Now we see that our search has located 3 datasets and we are now ready to load these into memory. The catalog will again communicating with the index node and request file information. This includes which file or files are part of the datasets, their local paths, download locations, and verification information. Internally we then try to make an optimal decision in getting the data to you as quickly as we can.

  1. If you are running on a resource with direct access to the ESGF holdings (such a Jupyter notebook on nimbus.llnl.gov), then we check if the dataset files are locally available. We have a handful of locations built-in to intake-esgf but you can also set a location manually with cat.set_esgf_data_root().

  2. If a dataset has associated files that have been previously downloaded into the local cache, then we will load these files into memory.

  3. If no direct file access is found, then we will queue the dataset files for download. File downloads will occur in parallel from the locations which provide you the fastest transfer speeds. Initially we will randomize the download locations, but as you use intake-esgf, we keep track of which servers provide you fastest transfer speeds and future downloads will prefer these locations. Once downloaded, we check file validity, and load into xarray containers.

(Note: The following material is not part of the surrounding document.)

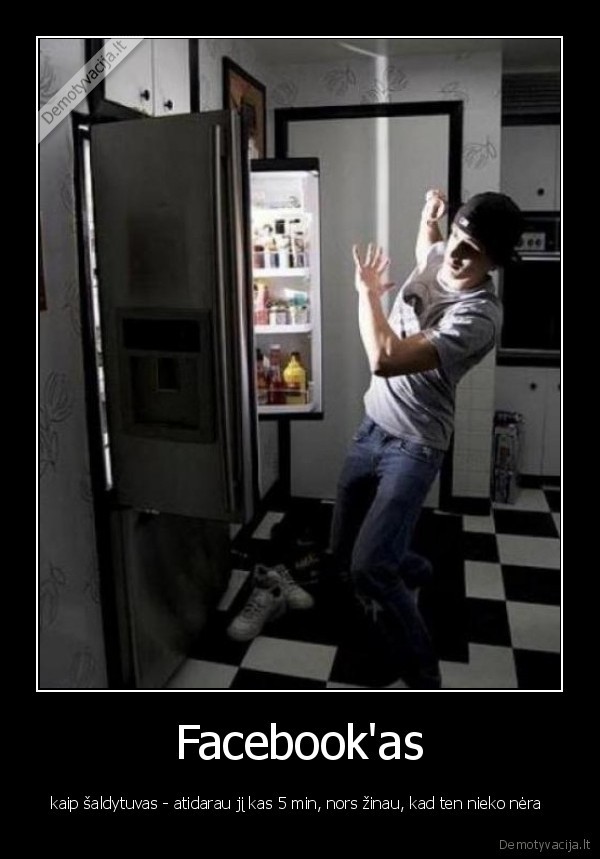 facebookas,saldytuvas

dsd = cat.to_dataset_dict(ignore_facets='table_id')

You will notice that progress bars inform you that file information is being obtained and that downloads are taking place. As files are downloaded, they are placed into a local cache in ${HOME}/.esgf in a directory structure that mirrors that of the remote storage. For future analysis which uses these datasets, intake-esgf will first check this cache to see if a file already exists and use it instead of re-downloading. Then it returns a dictionary whose keys are by default the minimal set of facets to uniquely describe a dataset in the current search.

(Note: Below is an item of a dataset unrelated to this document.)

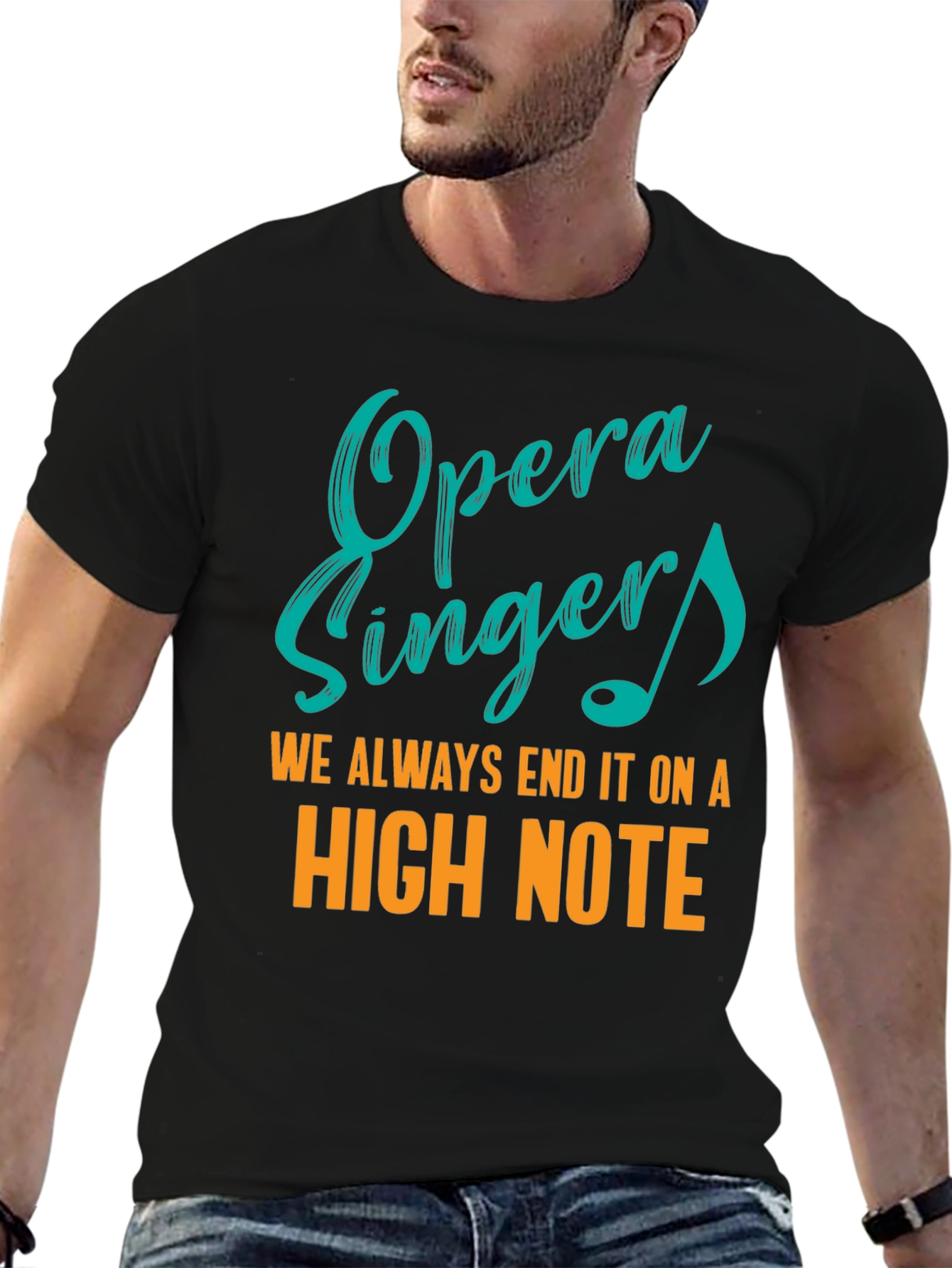 Opera Singers High Note T-Shirt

Now that we have downloaded/accessed the data and loaded it into memory, we can look at the keys of the resulting dictionary.

print(dsd.keys())
dict_keys(['gpp', 'tas', 'pr'])

By defult the keys are populated using the different facet values in the dictionary. However, you have a lot of control on the form that they take. During the download process, you may have also noticed that a progress bar informed you that we were adding cell measures. We add cell measures automatically to your datasets by looking at the attributes to determine what is needed.

Plots

fig, axs = plt.subplots(figsize=(6, 12), nrows=3)

# temperature
ds = dsd["tas"]["tas"].mean(dim="time") - 273.15  # to [C]
ds.plot(ax=axs[0], cmap="bwr", vmin=-40, vmax=40, cbar_kwargs={"label": "tas [C]"})

# precipitation
ds = dsd["pr"]["pr"].mean(dim="time") * 86400 / 999.8 * 1000  # to [mm d-1]
ds.plot(ax=axs[1], cmap="Blues", vmax=10, cbar_kwargs={"label": "pr [mm d-1]"})

# gross primary productivty
ds = dsd["gpp"]["gpp"].mean(dim="time") * 86400 * 1000  # to [g m-2 d-1]
ds.plot(ax=axs[2], cmap="Greens", cbar_kwargs={"label": "gpp [g m-2 d-1]"})
plt.tight_layout()
_images/24754c86f3f4d1a2d6e4afeffb04b905a649cf1f22d1b991f2cee4fe12ac1935.png

Summary

intake-esgf becomes the way that you download or locate data as well as load it into memory. It is a full specification of what your analysis is about and makes your script portable to other machines or even in use with serverside computing. We are actively developing this codebase. Let us know what other features you would like to see.